▸ Your task
Output, exactly as written, the lines below starting at the line containing "GETAFE (MADRID), 06/11/2023.- El" and ending at the line containing "SPANX Black Ponte". Drop the pictures and keep both end lines.

START Stored data

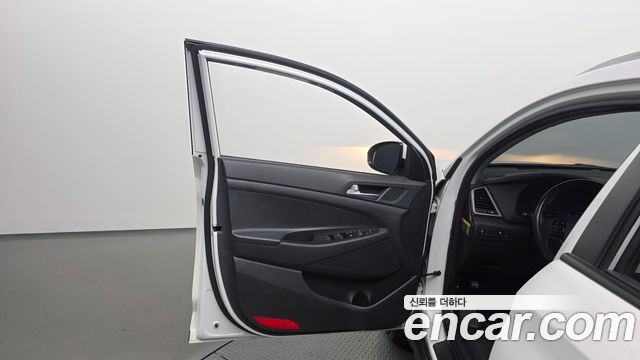 Hyundai Tucson Diesel 2.0 2WD Modern 2018 — фото 24
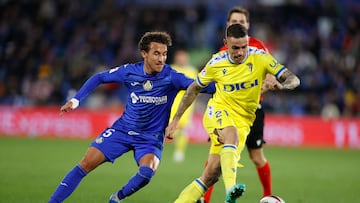 GETAFE (MADRID), 06/11/2023.- El centrocampista del Getafe Luis Milla (i) persigue a Roger Martí, del Cádiz, durante el partido de la jornada 12 de Liga de Primera División que Getafe CF y Cádiz CF diputan este lunes en el Coliseum de Getafe. EFE/Javier Lizón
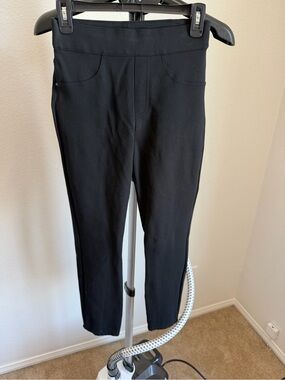 SPANX Black Ponte Knit Leggings with Red Brand Tag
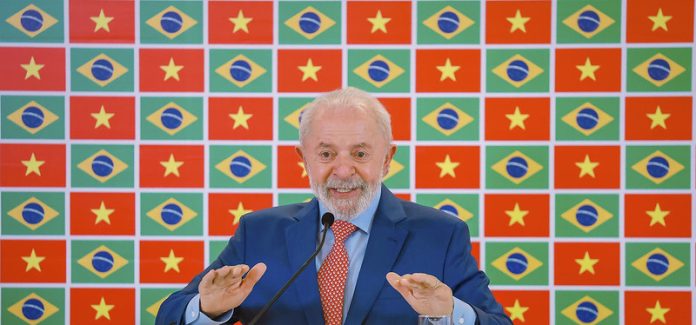 No Vietnã, Lula comenta pedidos por anistia para Bolsonaro: 'Ele não está querendo nem se defender'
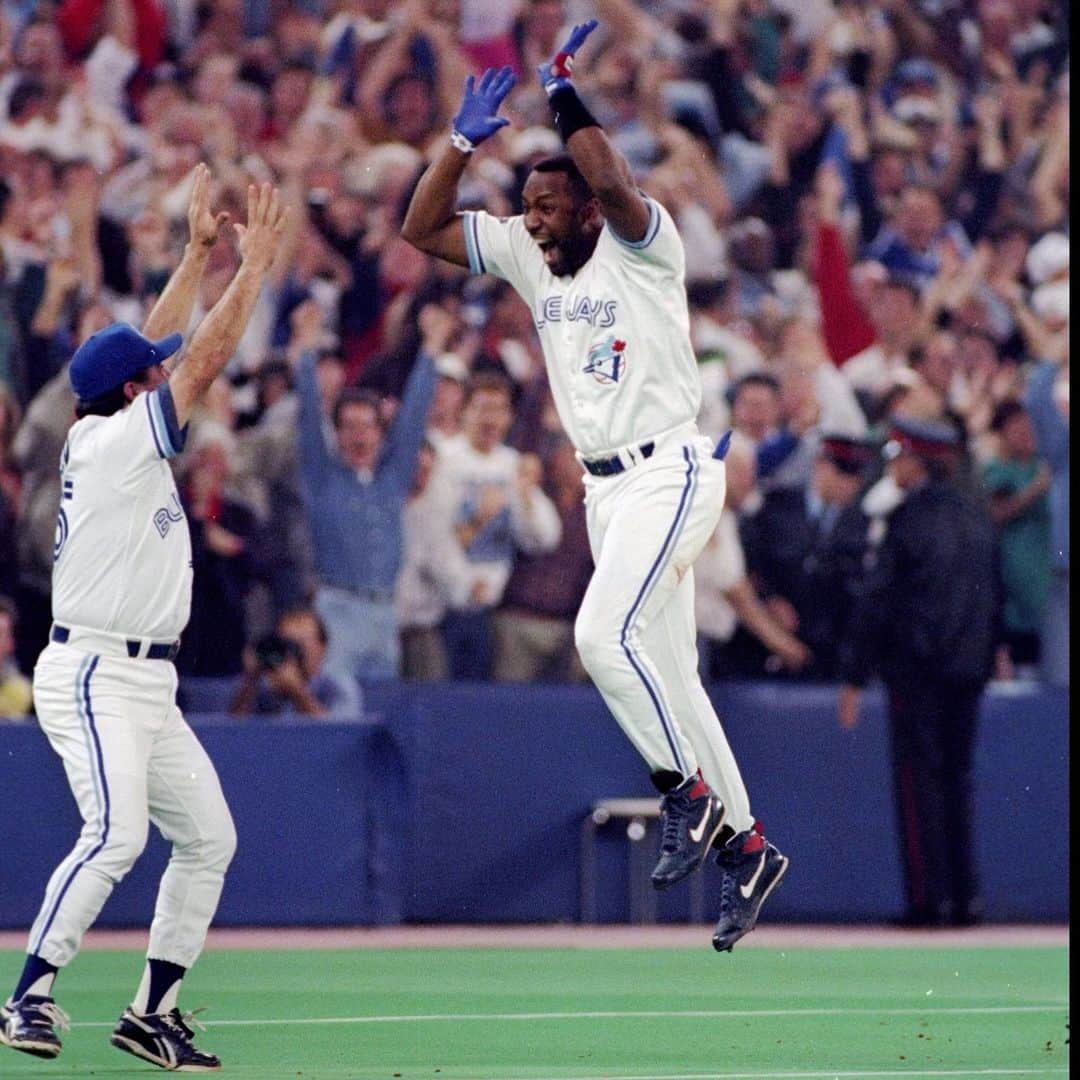 MLBさんのインスタグラム写真 - (MLBInstagram)「There have only been 2 walk-off homers to win the #WorldSeries. 26 years ago, Joe Carter etched his name in the record book.」10月24日 2時07分 - mlb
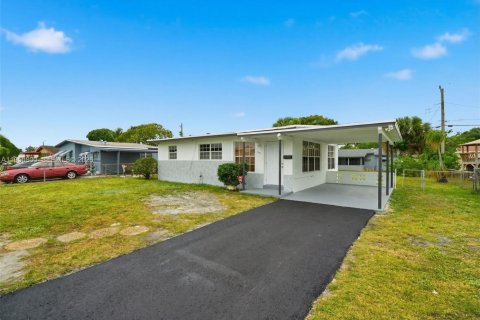 House in Fort Lauderdale, Florida 3 bedrooms, 76.64 sq.m. № 2007024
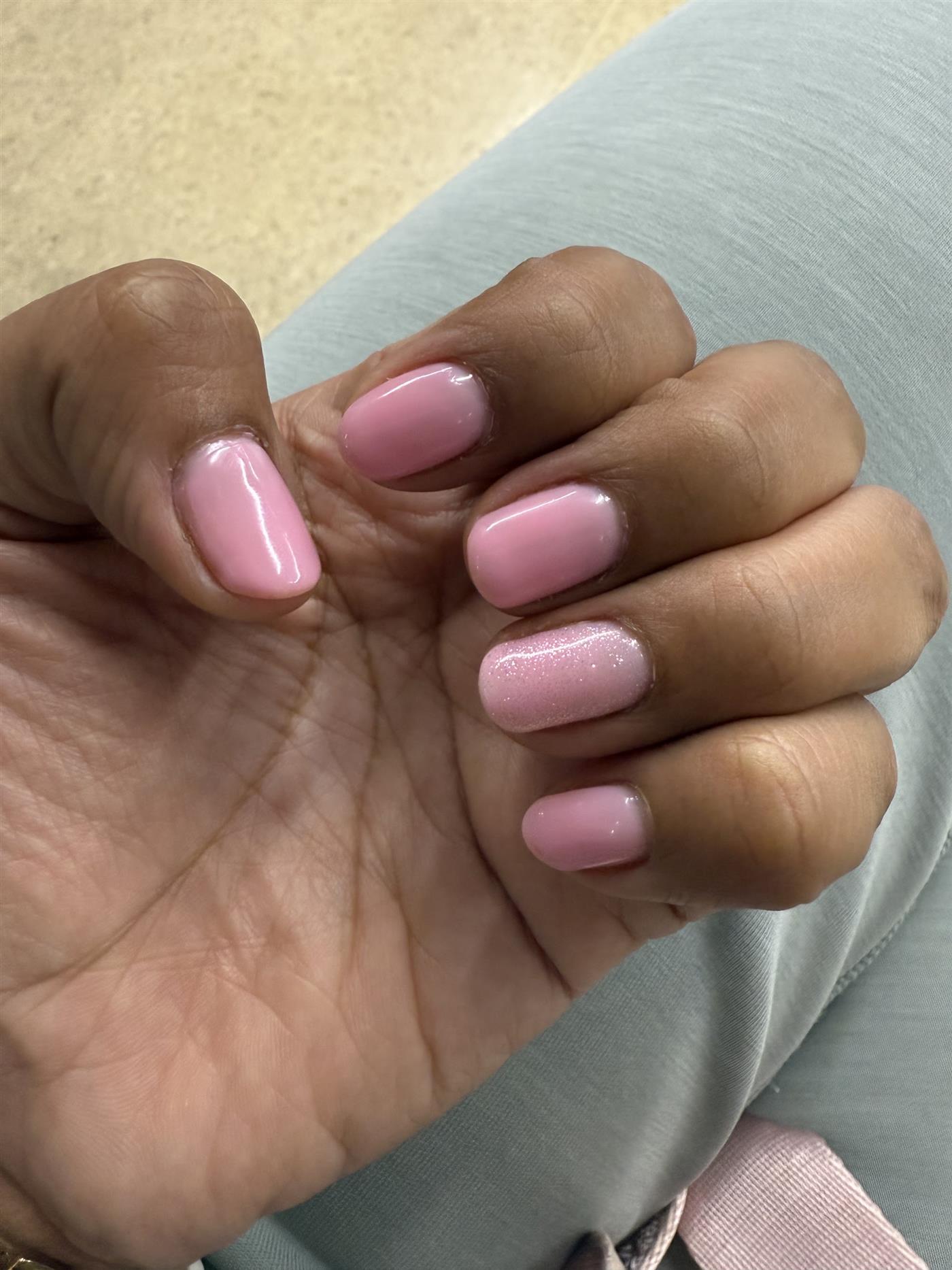 Manicura en rosa suave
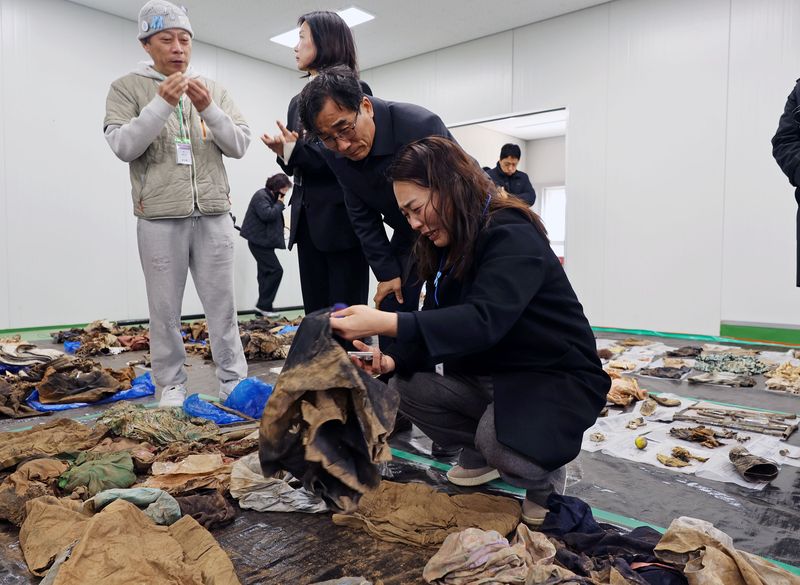 20일 오후 전남 무안군 무안국제공항에서 김유진 유가협 대표가 179명의 희생자들의 유류품이 보관된 장소에서 주저 앉아 눈물 흘리고 있다. 2026.3.20 ⓒ 뉴스1 박지현 기자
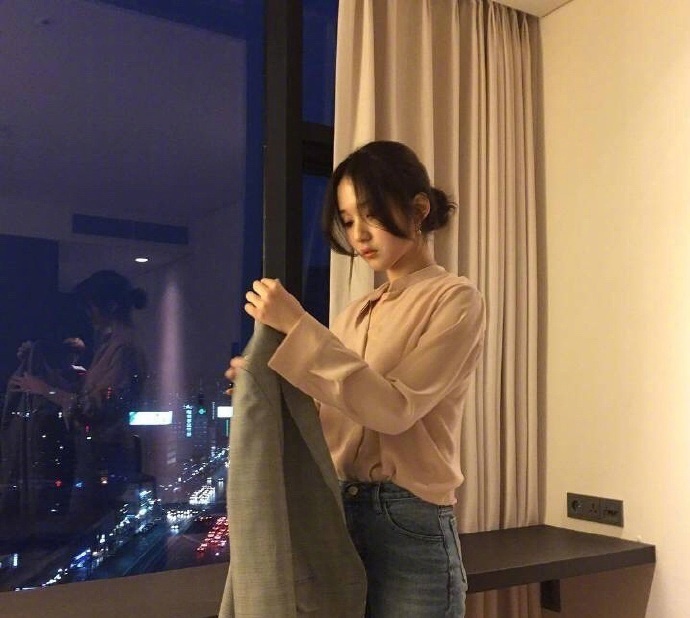 随性的低丸子头发型气质美女图片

END Stored data

▸ Task output
 GETAFE (MADRID), 06/11/2023.- El centrocampista del Getafe Luis Milla (i) persigue a Roger Martí, del Cádiz, durante el partido de la jornada 12 de Liga de Primera División que Getafe CF y Cádiz CF diputan este lunes en el Coliseum de Getafe. EFE/Javier Lizón
 SPANX Black Ponte Knit Leggings with Red Brand Tag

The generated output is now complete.